Collected data:
======
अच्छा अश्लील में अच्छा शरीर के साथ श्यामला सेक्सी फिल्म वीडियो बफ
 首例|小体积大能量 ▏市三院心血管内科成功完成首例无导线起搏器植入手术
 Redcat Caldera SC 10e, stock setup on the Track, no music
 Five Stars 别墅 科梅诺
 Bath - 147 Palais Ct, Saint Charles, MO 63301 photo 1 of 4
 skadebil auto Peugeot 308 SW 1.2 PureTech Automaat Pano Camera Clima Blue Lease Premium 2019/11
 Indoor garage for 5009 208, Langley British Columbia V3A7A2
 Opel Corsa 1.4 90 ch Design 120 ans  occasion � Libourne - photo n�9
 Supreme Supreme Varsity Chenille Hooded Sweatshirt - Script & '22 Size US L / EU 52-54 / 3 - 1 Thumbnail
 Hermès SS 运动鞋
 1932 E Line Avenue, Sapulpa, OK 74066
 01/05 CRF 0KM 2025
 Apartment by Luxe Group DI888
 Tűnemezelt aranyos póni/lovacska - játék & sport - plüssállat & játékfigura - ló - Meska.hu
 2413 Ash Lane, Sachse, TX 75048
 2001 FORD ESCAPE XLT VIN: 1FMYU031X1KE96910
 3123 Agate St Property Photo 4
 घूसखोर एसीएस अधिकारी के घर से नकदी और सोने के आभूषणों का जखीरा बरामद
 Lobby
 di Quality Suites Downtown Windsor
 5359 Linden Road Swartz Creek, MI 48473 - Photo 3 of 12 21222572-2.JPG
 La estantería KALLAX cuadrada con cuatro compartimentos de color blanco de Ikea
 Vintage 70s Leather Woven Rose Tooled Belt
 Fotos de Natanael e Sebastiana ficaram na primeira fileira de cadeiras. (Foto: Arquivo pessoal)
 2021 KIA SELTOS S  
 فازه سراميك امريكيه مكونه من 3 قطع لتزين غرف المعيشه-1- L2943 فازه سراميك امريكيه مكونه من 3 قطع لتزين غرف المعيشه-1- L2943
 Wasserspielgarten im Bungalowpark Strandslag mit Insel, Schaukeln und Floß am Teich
======
▶ **Directions**
An exact copy is needed of the closing lines of the entries above, counting from the one that contains "Vintage 70s Leather Woven Rose Tooled Belt" and including it and the last.

▶ **Completed task**
 Vintage 70s Leather Woven Rose Tooled Belt
 Fotos de Natanael e Sebastiana ficaram na primeira fileira de cadeiras. (Foto: Arquivo pessoal)
 2021 KIA SELTOS S  
 فازه سراميك امريكيه مكونه من 3 قطع لتزين غرف المعيشه-1- L2943 فازه سراميك امريكيه مكونه من 3 قطع لتزين غرف المعيشه-1- L2943
 Wasserspielgarten im Bungalowpark Strandslag mit Insel, Schaukeln und Floß am Teich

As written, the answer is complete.